In [None]:
import numpy as np

import torch
import torch.nn as nn
import torch.nn.functional as F
import torch.optim as optim

In [None]:
from sklearn.model_selection import train_test_split
from tqdm import tqdm
import matplotlib.pyplot as plt

In [None]:
from google.colab import drive
drive.mount("/content/drive/")

In [None]:
seed = 42
torch.manual_seed(seed)
np.random.seed(seed)

# Config

In [None]:
colab_prefix = "drive/MyDrive/CMPUT651_DL4NLP/"

learning_rate = 1e-3
epochs = 25
batch_size = 128

source_embedding_size = 300
target_embedding_size = 100
model_version = 1

distill_knowledge = False

if distill_knowledge:
    model_type = "supervised_distilled"
    target_embedding = colab_prefix + f"data/embeddings/base/clipped.glove.6B.{target_embedding_size}d.txt"
else:
    model_type = "supervised"

source_embedding = colab_prefix + f"data/embeddings/base/clipped.glove.6B.{source_embedding_size}d.txt"
experiment_name = f"{model_type}_{source_embedding_size}to{target_embedding_size}_v{model_version}"
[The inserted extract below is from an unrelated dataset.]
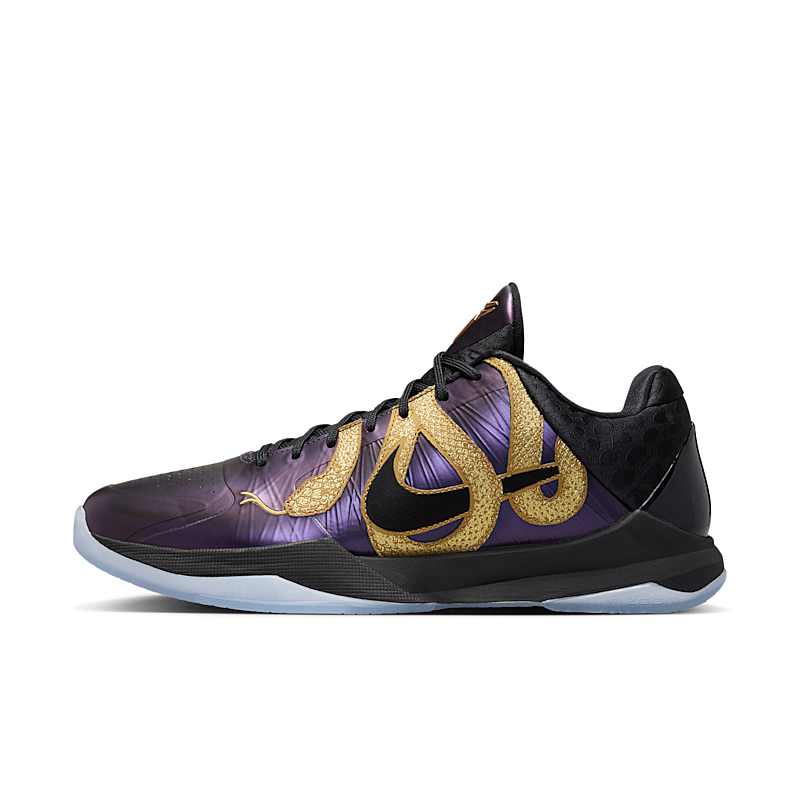 Nike Kobe 5 黑紫金 男子 运动休闲时尚舒适低帮篮球鞋IB4481-500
embedding_output_dir = colab_prefix + f"data/embeddings/trained/{experiment_name}.glove.6B.300d.txt"
model_output_dir = colab_prefix + f"models/{experiment_name}.pt"

In [None]:
gpu = torch.cuda.is_available()
device = torch.device("cuda" if gpu else "cpu")

In [None]:
print(gpu, device)

# Load & Prepare Embeddings for Training

In [None]:
def get_word_embeddings(dataset):
    words = []
    vectors = []
    with open(dataset, "r", encoding='utf8') as fp:
        for line in fp:
            line = line.split()
            word = line[0]
            vector = np.asarray(line[1:], 'float32')
            words.append(word)
            vectors.append(vector)
    vectors = torch.from_numpy(np.asarray(vectors))
    return words, vectors

In [None]:
words, vectors = get_word_embeddings(source_embedding)
if distill_knowledge:
    target_words, target_vectors = get_word_embeddings(target_embedding)

In [None]:
# No train-val-test split since we want an embedding for all the words in the vocab
print(len(words), vectors.shape)
if distill_knowledge:
    print(len(target_words), target_vectors.shape)

In [None]:
word2index = {word:i for i, word in enumerate(words)}
index2word = {i:word for word, i in word2index.items()}

In [None]:
input_data = torch.as_tensor([word2index[word] for word in words])
output_data = vectors

In [None]:
input_data.shape, output_data.shape

In [None]:
num_embeddings = input_data.shape[0]

In [None]:
train_dataset = torch.utils.data.TensorDataset(input_data, output_data)

In [None]:
train_dataloader = torch.utils.data.DataLoader(
    train_dataset, batch_size=batch_size, shuffle=True, num_workers=2, pin_memory=gpu
)

# Model Time

In [None]:
class SupervisedModel(nn.Module):
    def __init__(self, num_embeddings, source_embedding_size, target_embedding_size, target_embedding=None):
        super().__init__()
        if target_embedding is not None:
            self.embedding = nn.Embedding.from_pretrained(target_embedding, freeze=False)
        else:
            self.embedding = nn.Embedding(num_embeddings, target_embedding_size)
        self.linear = nn.Linear(in_features=target_embedding_size, out_features=source_embedding_size)
        self.activation = nn.Tanh()
    
    def forward(self, features):
        embedding = self.embedding(features)
        return self.activation(self.linear(embedding))

In [None]:
if distill_knowledge:
    model = SupervisedModel(num_embeddings, source_embedding_size, target_embedding_size, target_vectors).to(device)
else:
    model = SupervisedModel(num_embeddings, source_embedding_size, target_embedding_size).to(device)
optimizer = optim.Adam(model.parameters(), lr=learning_rate)
criterion = nn.MSELoss()

In [None]:
model

In [None]:
all_train_loss = []
for epoch in range(epochs):
    train_loss = 0
    
    # Training Loop
    for iteration, batch in enumerate(tqdm(train_dataloader)):
        # Reset gradients back to zero for this iteration
        optimizer.zero_grad()
        
        # Get inputs and outputs
        batch_inputs, batch_outputs = batch
        
        # Move data to device
        batch_inputs = batch_inputs.to(device)
        batch_outputs = batch_outputs.to(device)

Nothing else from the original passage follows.